# farò tardi



## babellover

Bonjour, Buongiorno,

Je discute par Skype tous les soirs avec un ami italien.

Ce soir, par e-mail, je lui ai demandé s'il serait connecté et il m'a répondu : "Scusami ma questa sera ho davvero molto da studiare ancora. Faro' tardi."

Je comprends l'idée globale, mais ce "faro' tardi" me taraude. Cela veut-il dire :
1/ Qu'il ne se connectera que tard dans la soirée.
2/ Qu'il terminera tard de travailler (et donc ne pourra pas se connecter)
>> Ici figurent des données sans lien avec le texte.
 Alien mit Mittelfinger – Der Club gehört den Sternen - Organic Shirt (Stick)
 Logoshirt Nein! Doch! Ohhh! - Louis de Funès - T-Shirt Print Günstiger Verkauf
Merci d'avance pour vos lumières !

Grazie per le luce...


----------



## matoupaschat

Bonsoir Babellover,
Moi je comprends qu'il doit étudier jusqu'à très tard avant d'avoir terminé, donc, qu'il ne se connectera pas, mais on peut aussi comprendre qu'il "skypera" après.
J'espère que *Nunou* -- est remise de ses émotions et viendra confirmer ou infirmer après le dîner.
Ciao.


----------



## Nunou

Ciao babellover, ciao Matou,
io capisco che questa sera ha ancora molto da studiare quindi non può connettersi e si scusa. Farò tardi...vuol dire che studierà fino a tardi, non dice esplicitamente che più tardi si connetterà. Probabilmente neppure lui sa cosa farà una volta finito di studiare...andare a dormire o su Skype? Credo dipenderà dall'ora e dalle energie residue...


----------



## babellover

Ciao Matou e Nunou,

Grazie mille per le sue risposte!
Ca m'a évité de faire le pied de grue devant l'ordinateur toute la nuit...  !


----------



## matoupaschat

babellover said:


> Ciao Matou e Nunou,
> 
> Grazie mille per le _sue _risposte!
> Ca m'a évité de faire le pied de grue devant l'ordinateur toute la nuit...  !



Avec plaisir !

Matou.

... Si je peux me permettre : "Grazie per le *vostre* risposte"


----------